- [YOUR INSTRUCTIONS]: Omit all pictures and transcribe only the lines in the entries below that run from the line with "21686 257 Street, Delhi, IA 52223" through the line with "solid 24k gold//rough".

- [RECORDS FOR THE EXERCISE]:
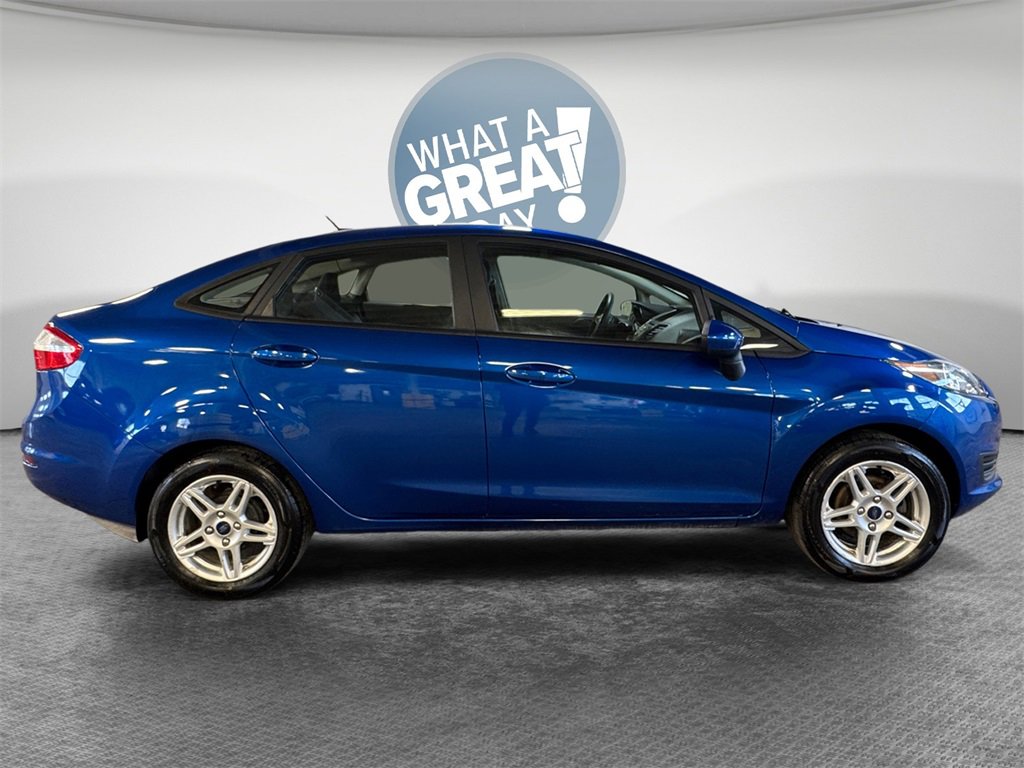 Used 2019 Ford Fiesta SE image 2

* * *

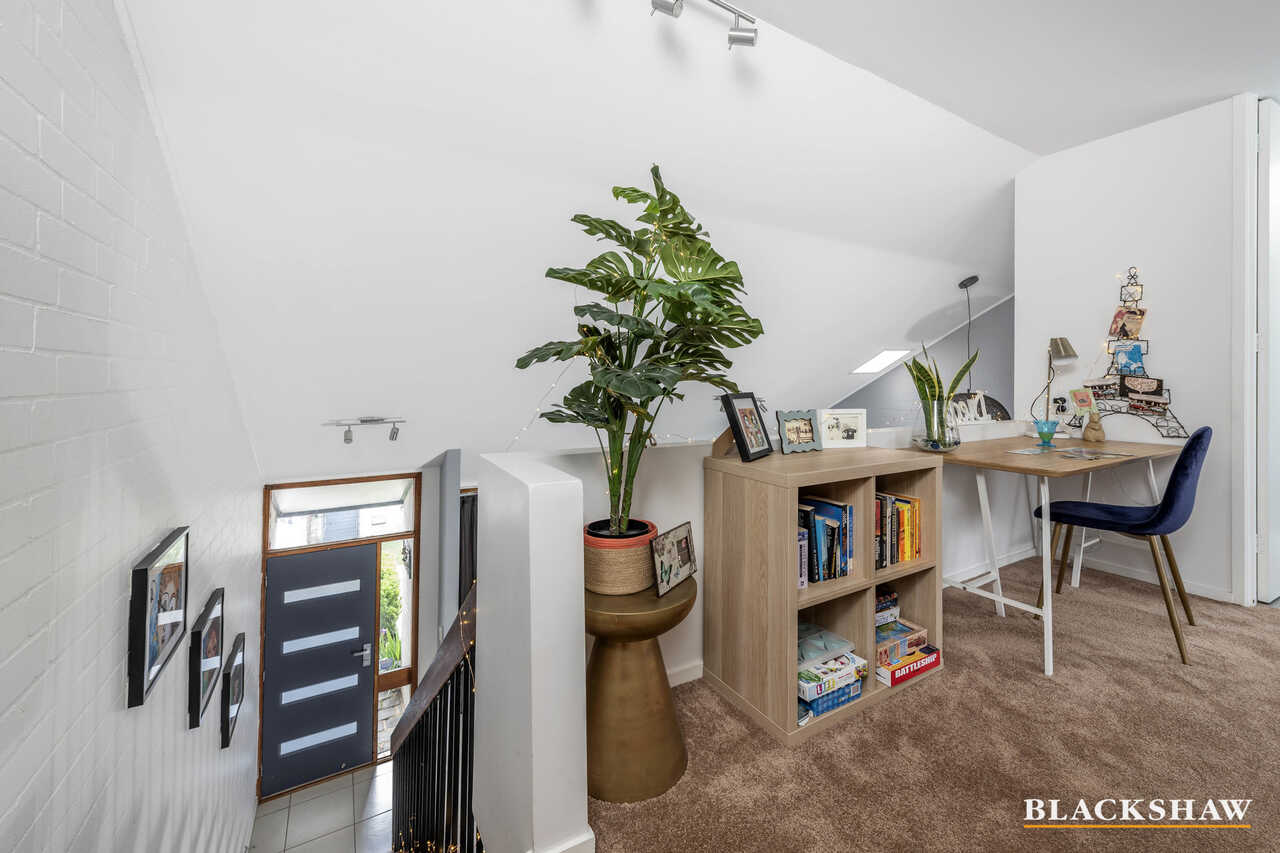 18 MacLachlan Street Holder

* * *

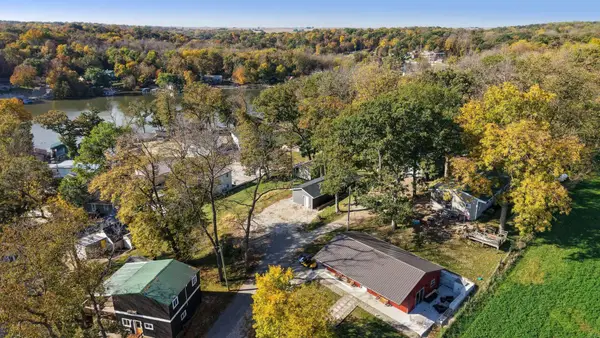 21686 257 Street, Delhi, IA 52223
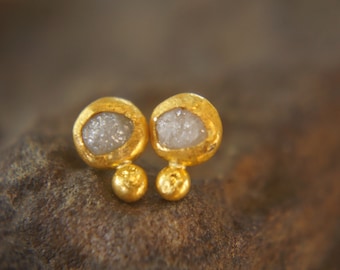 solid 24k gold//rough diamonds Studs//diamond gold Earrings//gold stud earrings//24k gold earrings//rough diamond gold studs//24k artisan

- [FINISHED TASK]:
 21686 257 Street, Delhi, IA 52223
 solid 24k gold//rough diamonds Studs//diamond gold Earrings//gold stud earrings//24k gold earrings//rough diamond gold studs//24k artisan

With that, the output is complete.